String s;
/*code*/
s = "foo";
Is a whole new object being created, since the empty string can't change?
This:
String s;
doesn't create an "empty string", it's simply an uninitialised variable.
This:
s = "foo";
sets that variable to refer to a String object. It's the object that's immutable, not the variable.
You need to understand the difference between variables and objects.
Consider this code:
String x = "hello";
for (int i = 0; i < 10; i++) {
x = x + i;
}
This will end up creating 11 string objects, but there are only two variables involved (x and i). At any point, the value of i is an integer (0-10) and the value of x is a reference to a String. (It could be null too, but it happens not to be in this example.)
It's important to understand that x is not an object, nor is the value of x an object.
If it helps to think of it in physical terms, consider a piece of paper with my home address on it:
The piece of paper is like the variable - it's "somewhere a value can be stored".

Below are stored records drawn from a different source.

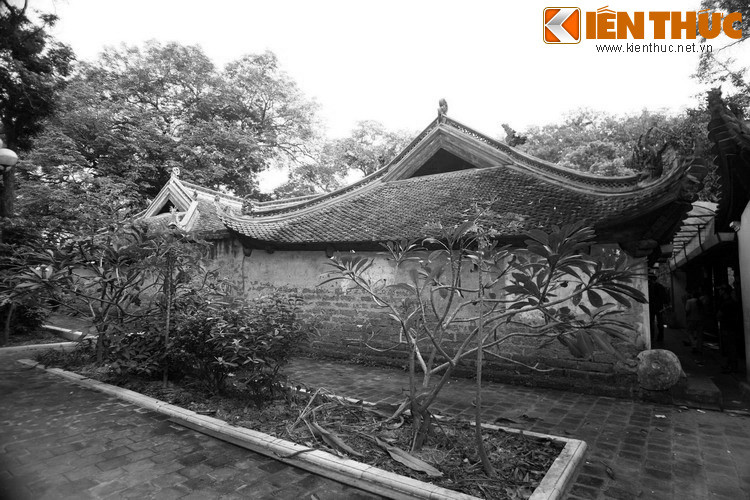 Trong khi Ngài thoả thuê tắm giội thì cô gái chạy về loan báo với dân làng có chuyện lạ đời. Khi mọi người kéo đến nơi thì người tắm đã đi mất, xung quanh còn phảng phất hương trầm. Lúc ấy dân làng mới bừng tỉnh, nhận ra là chính đức Thánh Tản vừa mới qua đây.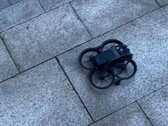 Le DJI Avata a de nouveau fuité sur Weibo dans ce qui pourrait être son design final. (Image source : Weibo)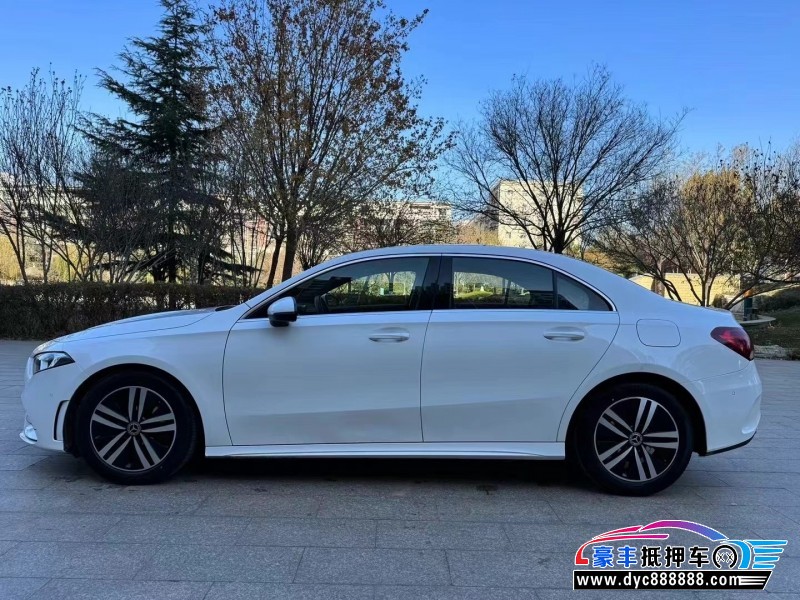 20年奔驰A轿车抵押车出售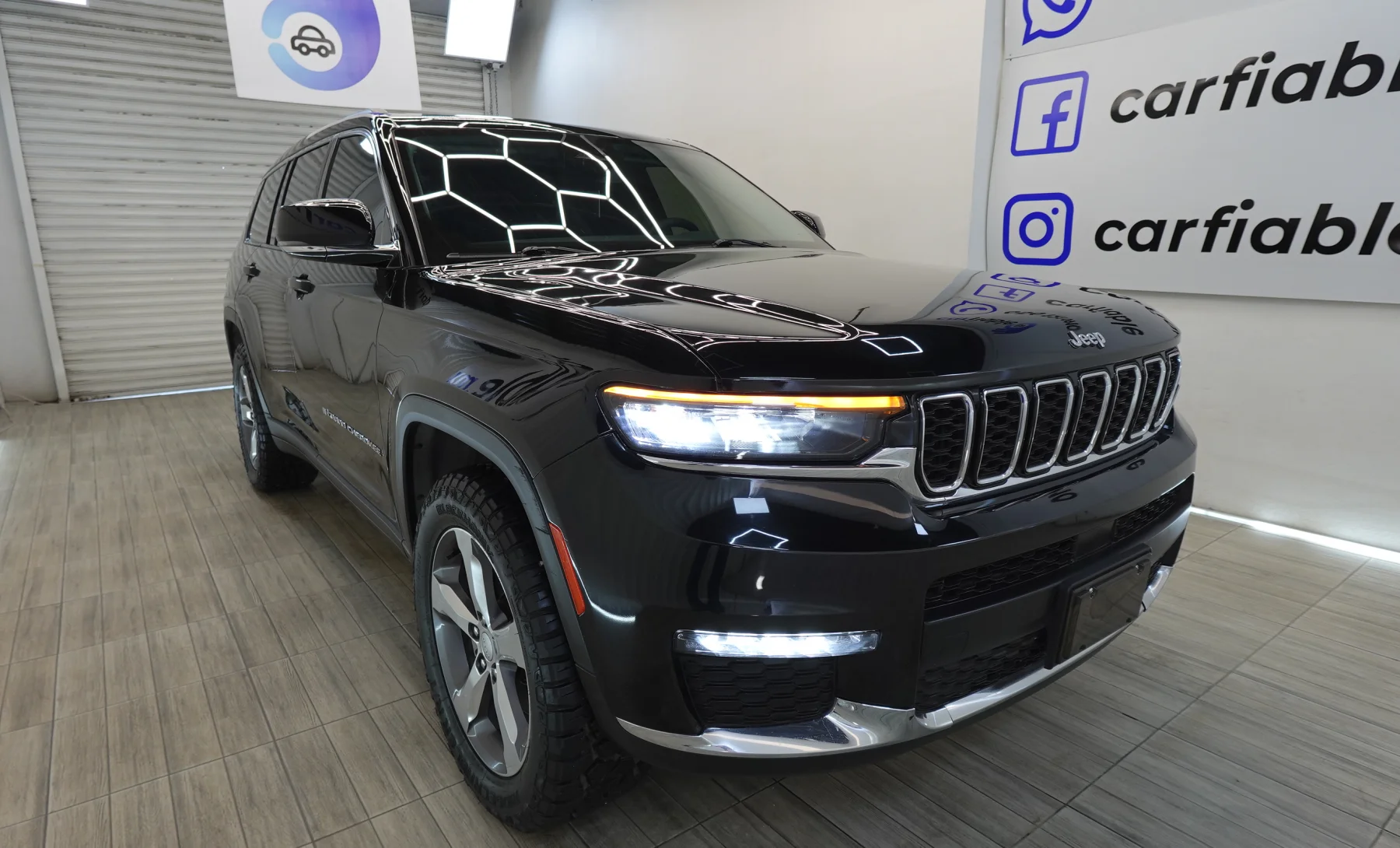 Jeep Grand Cherokee L Limited 2021 — exterior 9 de 10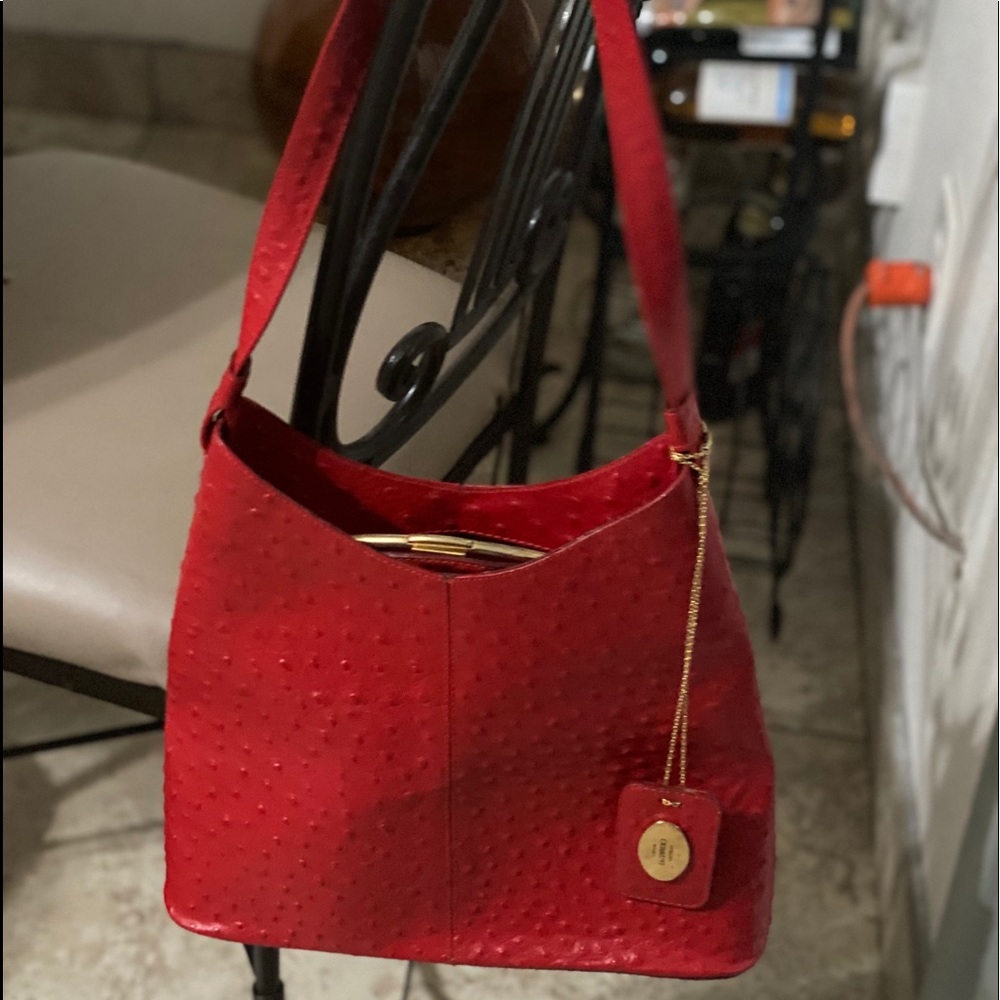 Cerruti  Red color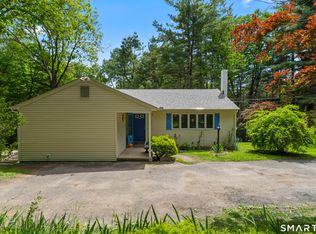 23 Windaway Rd, Bethel, CT 06801
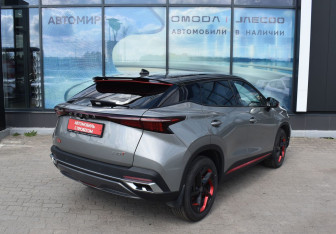 Подержанный автомобиль Omoda C5 2022 года (5 фото)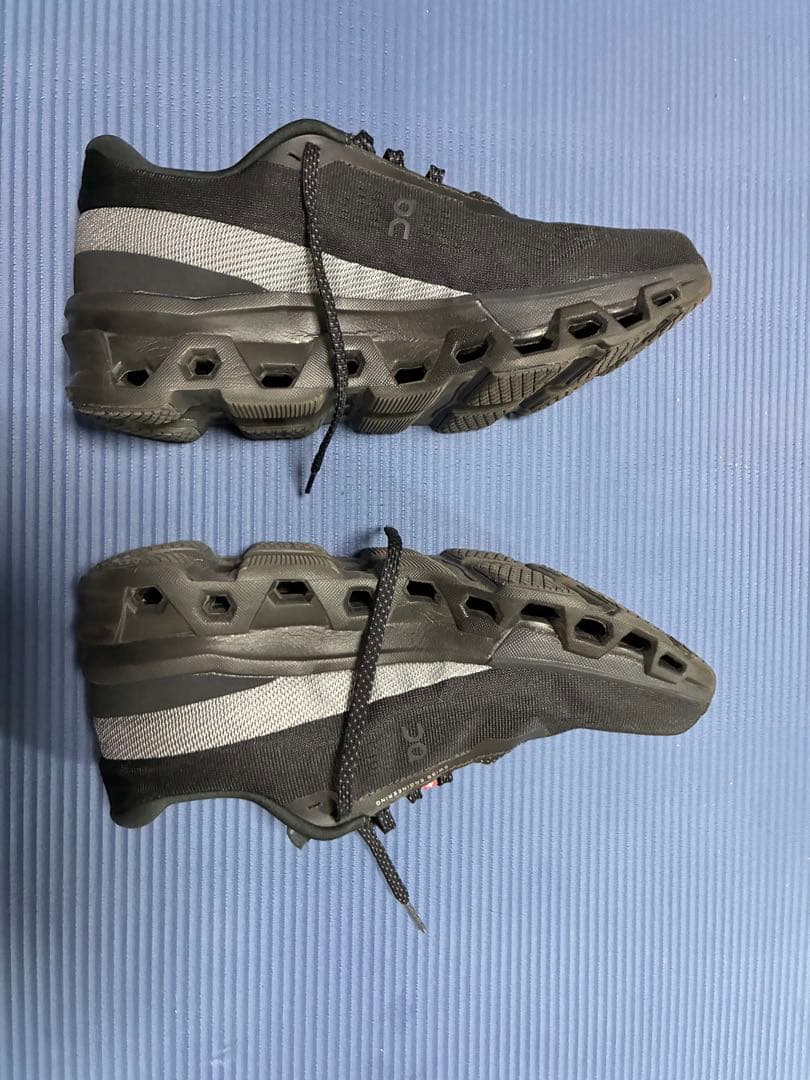 On ブラック クラウドモンスター2 27cm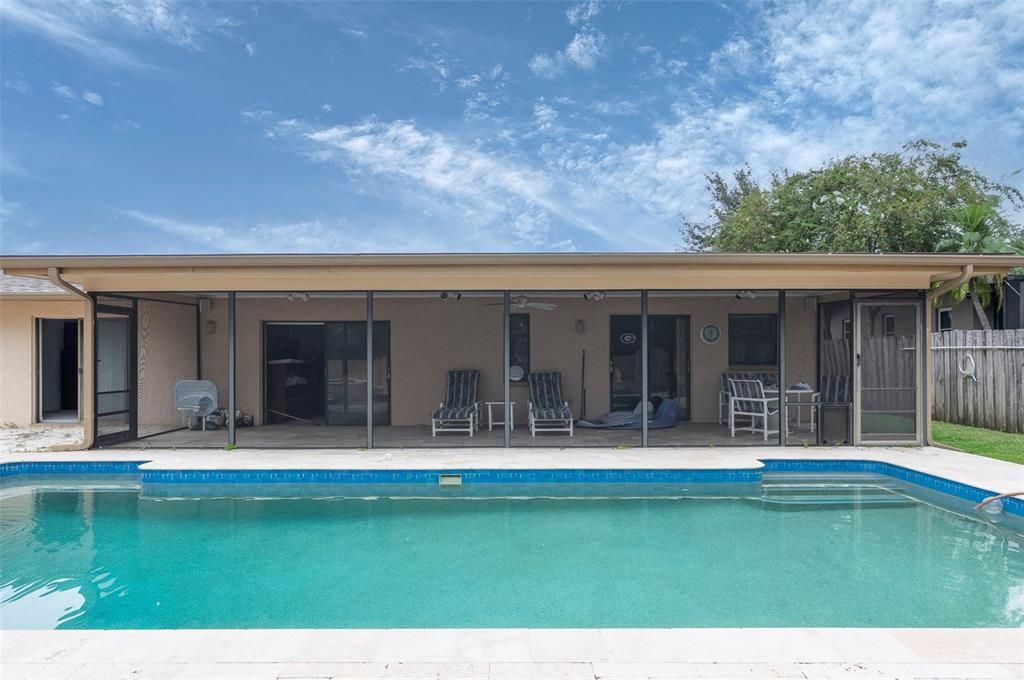 Под контрактом: $450,000 (3 спален, 2 ванн, 1760 Квадратных фут)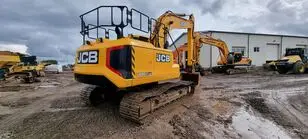 بیل مکانیکی JCB 220X LC در حال انجام عملیات حفر در پروژه عمرانی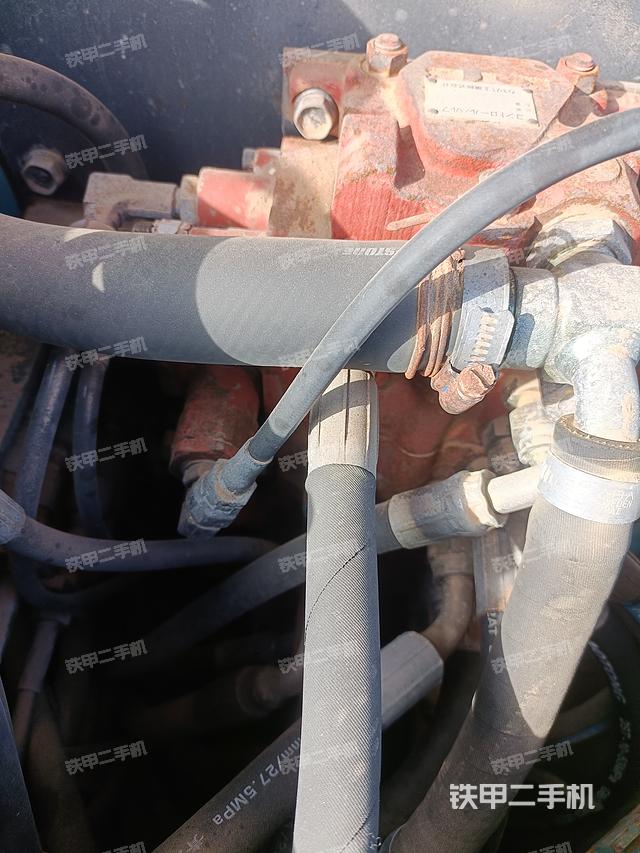 回转马达和主控阀（整机外观）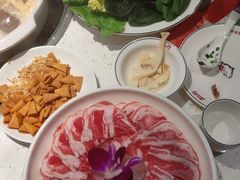 -三人行骨头王火锅(长寿店)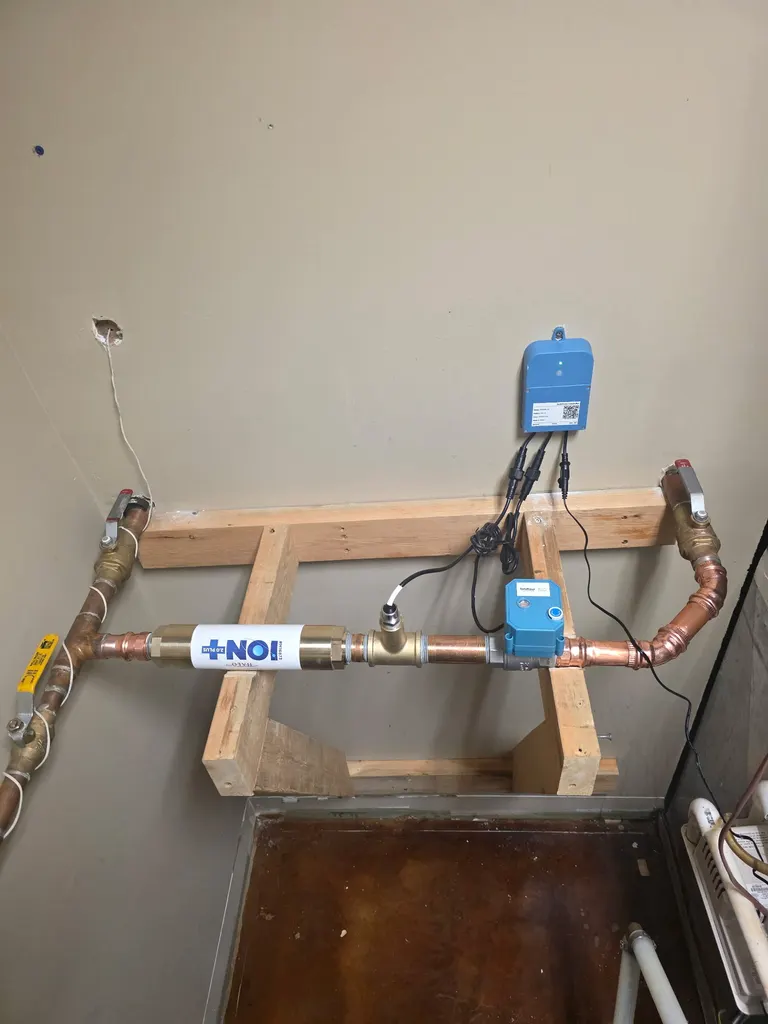 Valve, sensor and controller: Mounted on the main supply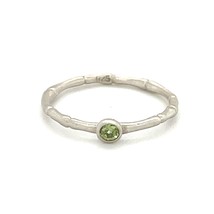 Sterling 18k White Vermeil Bamboo w/ Bezel Set Peridot Ring Sz 5.50 - $58.41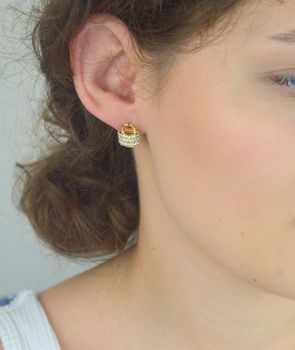 Kolczyki Guess JUBE05419JWYGTU – stalowe pozłacane kolczyki w kształcie kłódek, zdobione cyrkoniami. Wymiary 1,2 x 1,5 cm. Elegancka i modna biżuteria dla kobiet (3).JPG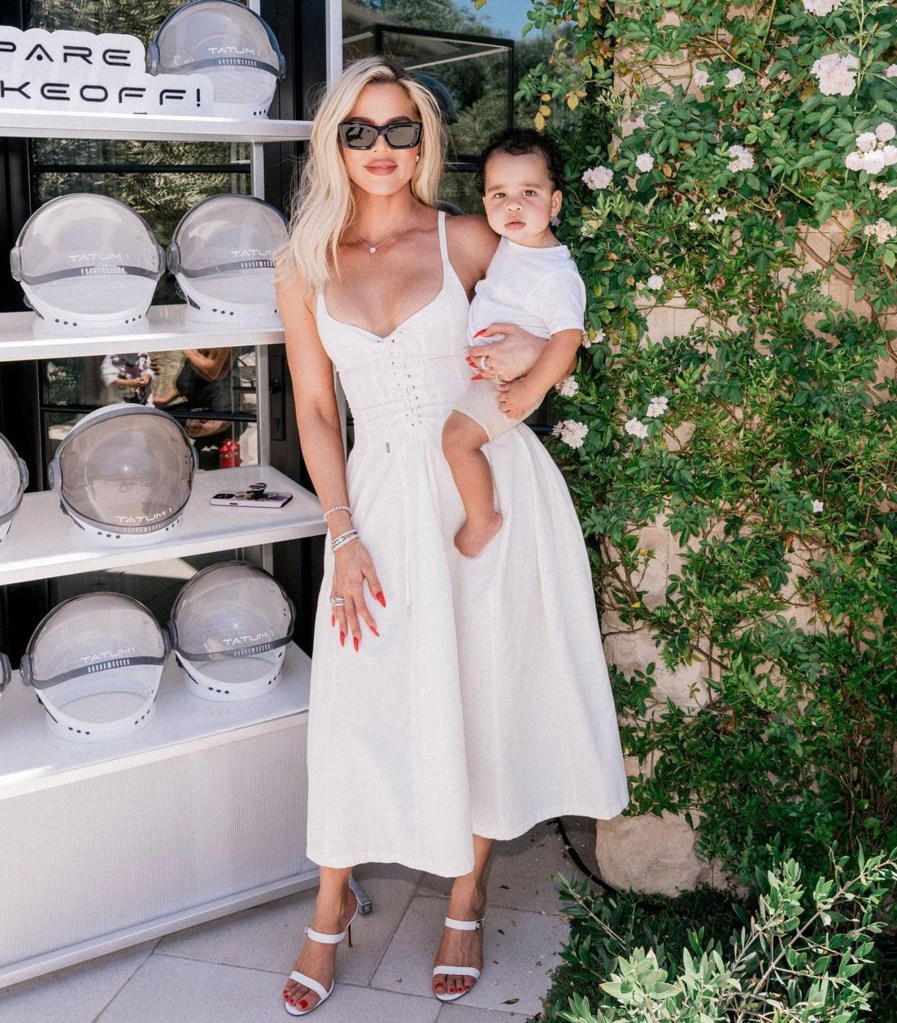 Khloé Kardashian and son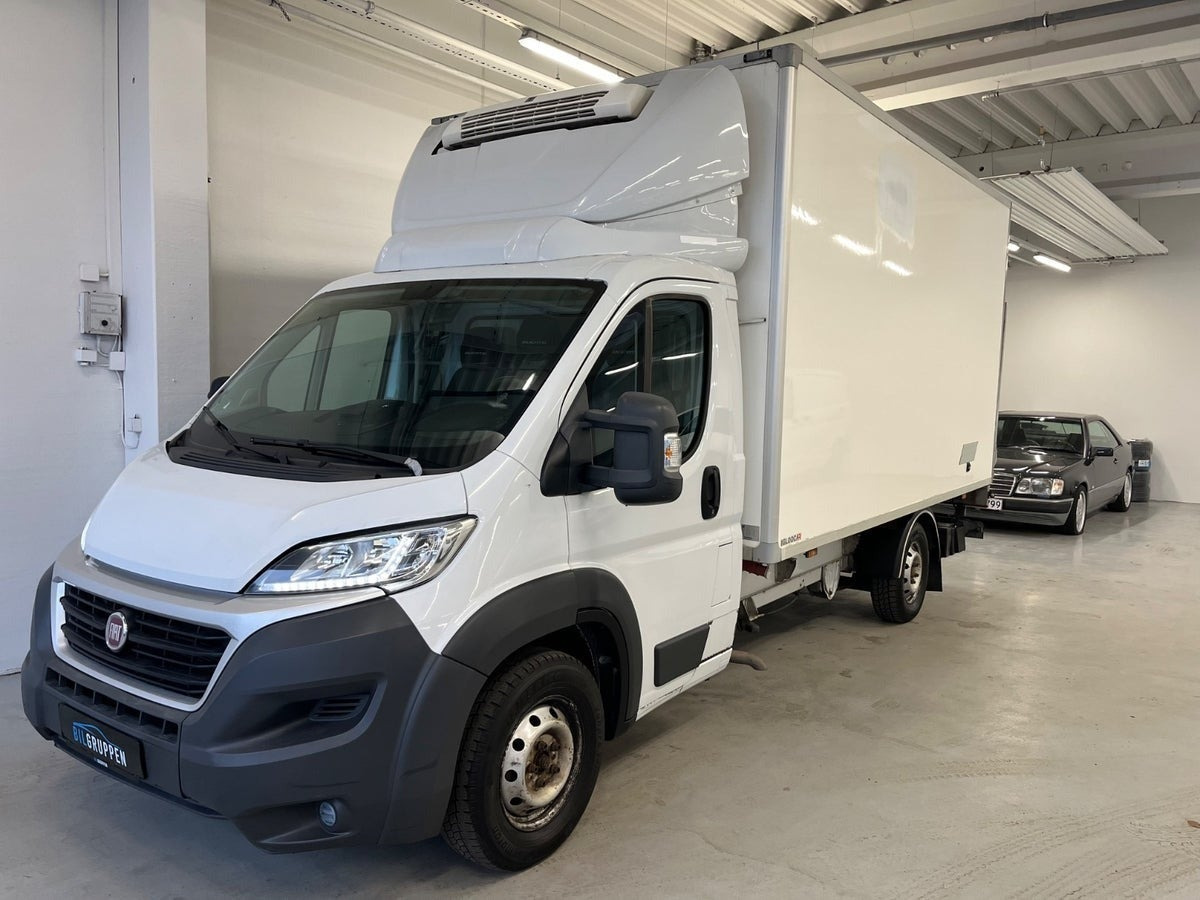 Fiat Ducato 35 2,3 MJT 150 Alukasse m/lift+køl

The address written on the piece of paper is like the reference - it's a way of finding an object
The house itself is like the object.
Neither the piece of paper nor the address is the house itself. If you rub the address out on the paper and write a different address instead, that doesn't make any changes to my house - just like changing the value of x doesn't make any changes to the string objects themselves in my sample code.
s isn't currently assigned to anything at all.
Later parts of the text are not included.